1. Subcharts (in prometheus-stack/charts/)

Declared in Chart.yaml and toggled by top-level keys in values.yaml:

Subchart Purpose Toggle
crds Installs the Prometheus Operator CRDs crds.enabled
kube-state-metrics Cluster object metrics (Deployments, Pods, ...) kubeStateMetrics.enabled
prometheus-node-exporter Linux node-level metrics nodeExporter.enabled
grafana Dashboards UI, pre-configured datasource grafana.enabled
prometheus-windows-exporter Node metrics for Windows nodes windowsMonitoring.enabled

2. The chart's own templates (prometheus-stack/templates/)

Folder Resources
prometheus-operator/ Operator Deployment, RBAC, Service, admission webhooks
prometheus/ The Prometheus CR, control-plane ServiceMonitors, default PrometheusRules, ingress, network policy
alertmanager/ The Alertmanager CR, config secret, Service, ingress, network policy
grafana/ Dashboard ConfigMaps auto-discovered by the Grafana subchart
thanos-ruler/ Optional ThanosRuler CR for HA / long-term rule evaluation
exporters/ ServiceMonitors for kube-state-metrics, node-exporter, kubelet, etc.
extra-objects.yaml Free-form manifests injected via extraManifests
_helpers.tpl Shared Go-template helpers (naming, labels)
NOTES.txt Post-install message

Lifecycle of a helm install

  1. Helm applies the CRDs first (subchart crds with condition crds.enabled).
  2. Helm applies the rest of the chart:
  3. prometheus-operator Deployment + RBAC.
  4. Prometheus, Alertmanager, default PrometheusRules and ServiceMonitors as Custom Resources.
  5. kube-state-metrics, node-exporter, grafana from subcharts.
  6. The Operator starts and watches the CRDs.
  7. Seeing the Prometheus and Alertmanager CRs, the Operator generates:
  8. StatefulSets for Prometheus and Alertmanager.
  9. The Prometheus configuration secret (built from all ServiceMonitor / PodMonitor / Probe / ScrapeConfig resources matching its selector).
  10. The Alertmanager configuration secret (from the alertmanager.config value and any AlertmanagerConfig CRs that match).
  11. Prometheus pods start, hot-reload their config when the secret changes, and begin scraping the targets.
  12. Grafana boots, mounts the Kubernetes dashboard ConfigMaps through its sidecar, and connects to Prometheus as a datasource.

How alerts flow

sequenceDiagram
    autonumber
    participant Rule as PrometheusRule CR
    participant Op as Prometheus Operator
    participant Prom as Prometheus
    participant AM as Alertmanager
    participant Recv as Receiver<br/>(Slack, email, PagerDuty, ...)

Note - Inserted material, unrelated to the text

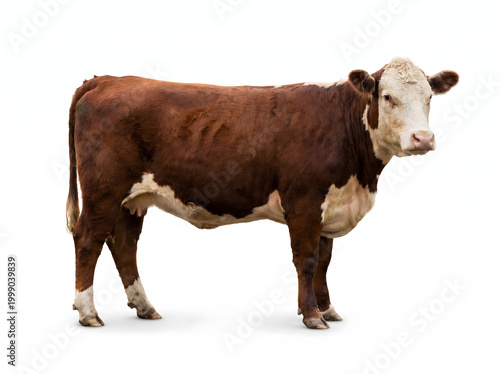 Australian Cow Isolated on White Background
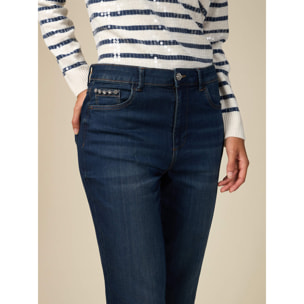 Oltre - Boyslim jeans with jewel details - Azul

    Rule->>Op: kubectl apply
    Op->>Prom: regenerate config secret
    Prom->>Prom: hot-reload, evaluate rule
    Prom->>AM: fire alert (HTTP)
    AM->>AM: route + group + dedupe
    AM->>Recv: send notification

You never write prometheus.yml directly. You author PrometheusRule, ServiceMonitor, and (for Alertmanager) AlertmanagerConfig resources, and the Operator regenerates the underlying config.

Storage

By default the chart provisions:

  • A PersistentVolumeClaim per Prometheus replica (governed by prometheus.prometheusSpec.storageSpec). If unset, Prometheus uses an emptyDir and you lose data on restart.
  • A PersistentVolumeClaim per Alertmanager replica (governed by alertmanager.alertmanagerSpec.storage).
  • Grafana storage is governed by the Grafana subchart values (grafana.persistence.*).

See Configuration » Storage for recommended sizing.

Networking

The chart creates a ClusterIP Service for each component. To expose the UIs:

  • Toggle *.ingress.enabled in values.yaml and supply hostnames + TLS, or
  • Port-forward for ad-hoc access — see Accessing services.

If your cluster enforces NetworkPolicies, the chart can render baseline policies via *.networkPolicy.enabled (per component).